Suppose our dataset consists of $n$ independent observations ${(Y_1, X_1), \dots, (Y_n, X_n)}$, where $X$ and $Y$ are both scalar variables. A general linear regression model posits that

$$Y_i = \beta_0 + \beta_1 X_i + \epsilon_i$$

where $\epsilon_i$ is a mean-zero noise term with variance $\sigma^2_i$. We refer to this as a heteroskedastic model, since the variances need not be equal across all $i$. This is the true data-generating model. (Note: A more restrictive (but misspecified) model assumes that there is a common variance $\sigma^2$ such that $\sigma^2_i = \sigma^2$ for all $i$. We refer to this incorrect model as the homoskedastic model.)

In linear regression, we use least-squares to estimate the coefficient vector $\beta$. For the purposes of building confidence intervals and performing hypothesis tests, we need to also estimate the standard error of the least squares estimator. There are two common ways to do this: (1) Use a model-based standard error that assume homoskedasticity. This is the estimator used by default in most statistical software (including the lm function in R). (2) Use a so-called sandwich standard error. Statistical theory tells us that estimator will be consistent even under heteroskedasticity. See the Statistical Appendix for more details.

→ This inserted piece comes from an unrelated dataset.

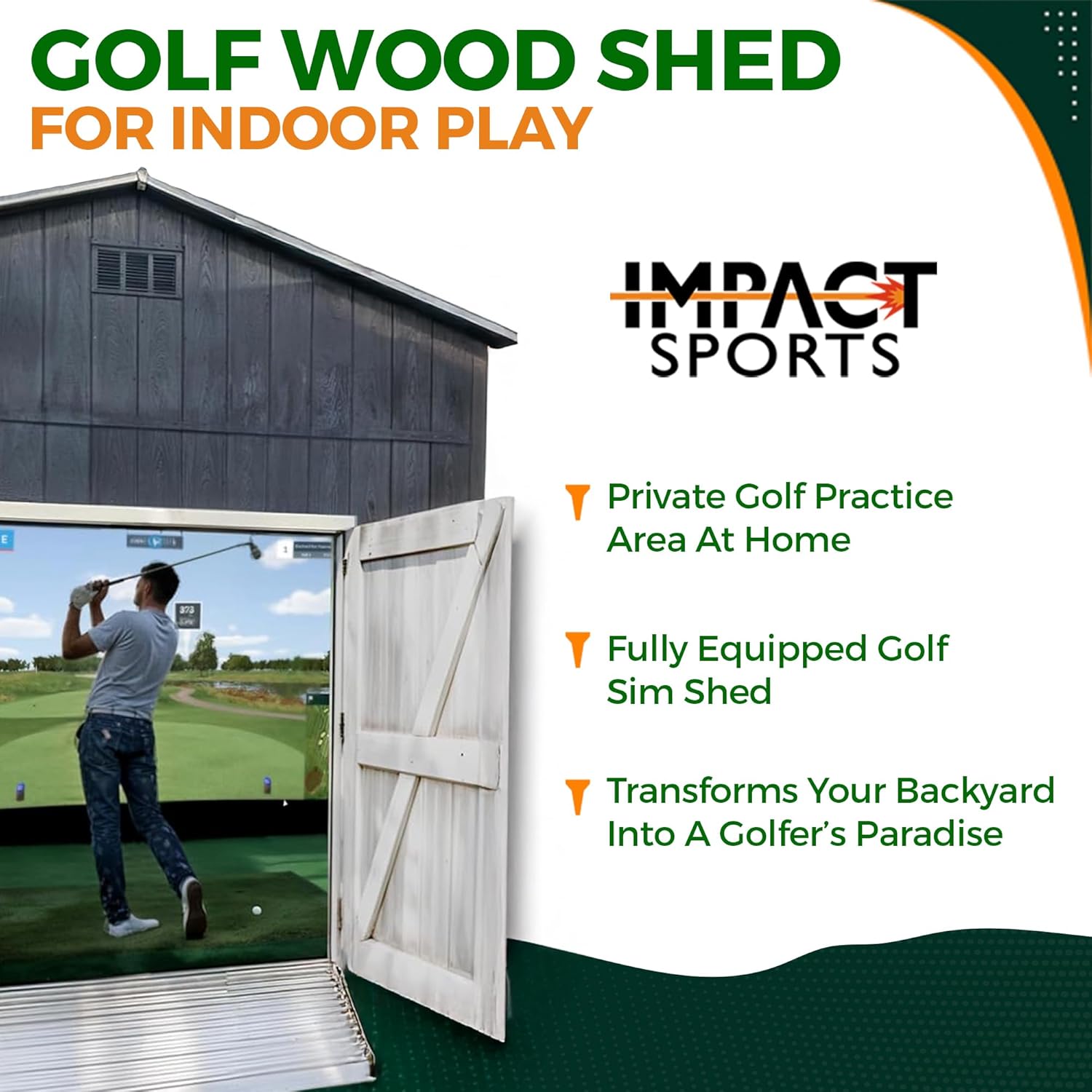 Step-by-step guide for Impact Sports Golf Wood Shed worth it,Impact Sports Golf Wood Shed pros cons,best golf simulator shed for backyard,should I buy Impact Sports Golf Wood Shed,Impact Sports Golf Wood Shed vs alternatives,Impact Sports Golf Wood Shed honest opinion - complete tutorial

We will carry out a small simulation study to compare these two estimators.

We start by declaring a new simulation object and writing a function that generates some data according to our model. For this simulation, we will make $\sigma^2_i$ larger for larger values of $X_i$.

sim <- new_sim()

create_regression_data <- function(n) {
  beta <- c(-1, 10)
  x <- rnorm(n)
  sigma2 <- exp(x)
  y <- rnorm(n=n, mean=(beta[1]+beta[2]*x), sd = sqrt(sigma2))
  return(data.frame(x=x, y=y))
}

To get a sense of what heteroskedasticity looks like in practice, we can generate a dataset, fit a linear regression model, and make a scatterplot of the residuals against $X$.

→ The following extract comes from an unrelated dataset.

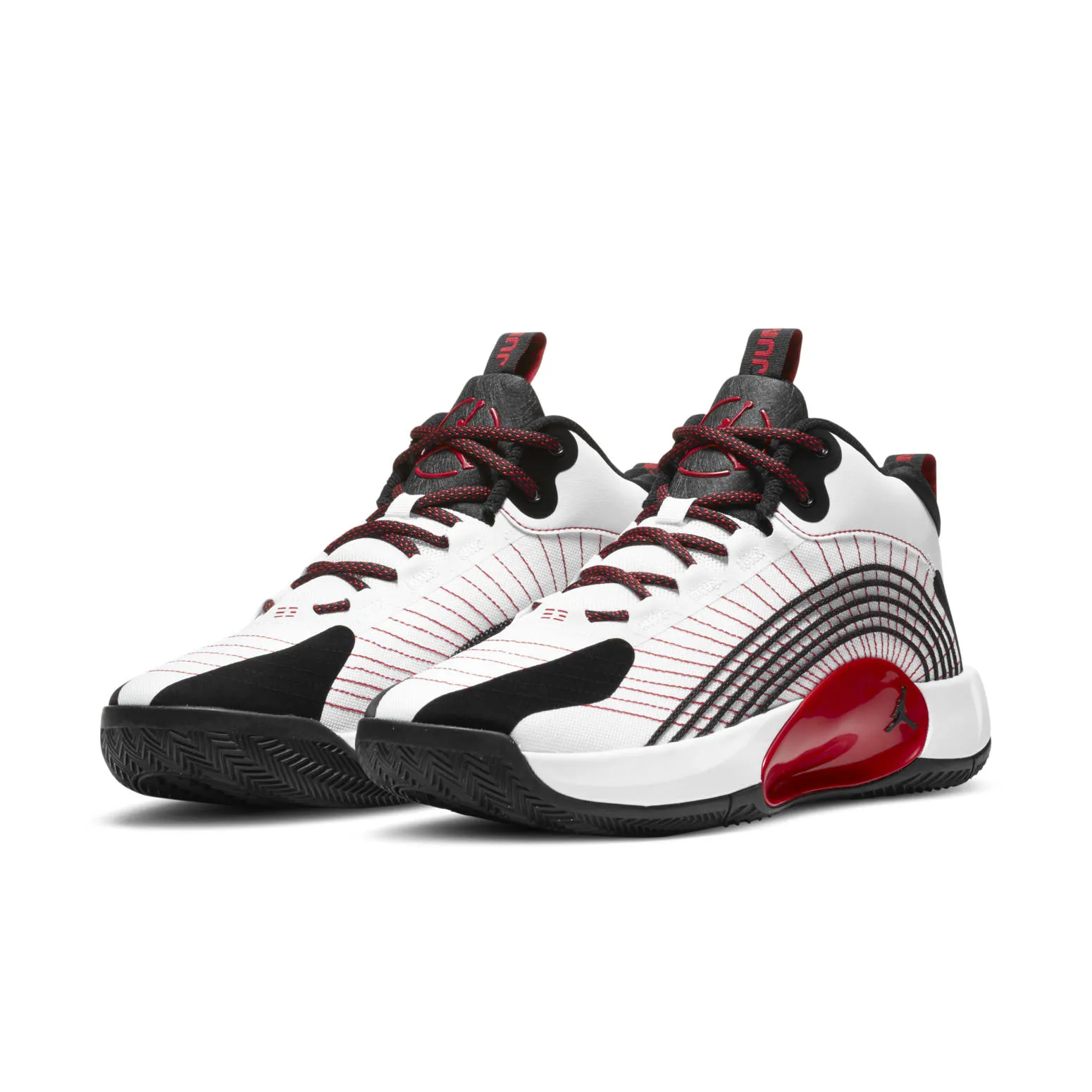 Air Jordan Jordan Jumpman 2021 'White University Red' CQ4021-100 sold by KicksCrew product image thumbnail 2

dat <- create_regression_data(n=500)
linear_model <- lm(y~x, data=dat)
dat$residuals <- linear_model$residuals

library(ggplot2)
ggplot(dat, aes(x=x, y=residuals)) +
  geom_point() +
  theme_bw() +
  labs(x="x", y="residual")

Now we declare two methods: one returns the least squares estimate and model-based estimator of the variance-covariance matrix of $\hat{\beta}$, and the other returns the least squares estimate and sandwich estimator (using the sandwich package).

model_vcov <- function(data) {
  mod <- lm(y~x, data=data)
  return(list("coef"=mod$coefficients, "vcov"=diag(vcov(mod))))
}

sandwich_vcov <- function(data) {
  mod <- lm(y~x, data=data)
  return(list("coef"=mod$coefficients, "vcov"=diag(vcovHC(mod))))
}

Next, we write the simulation script. This script returns a point estimate and a standard error estimate for both the intercept parameter $\beta_0$ and the slope parameter $\beta_1$. We will tell SimEngine to run 500 simulation replicates for each of four sample sizes. It is important to use the seed argument in set_config so that our results will be reproducible. In addition, we will use the packages option to load the sandwich package. Loading packages via set_config (as opposed to running library(sandwich)) is required if running simulations in parallel. Finally, we run the simulation.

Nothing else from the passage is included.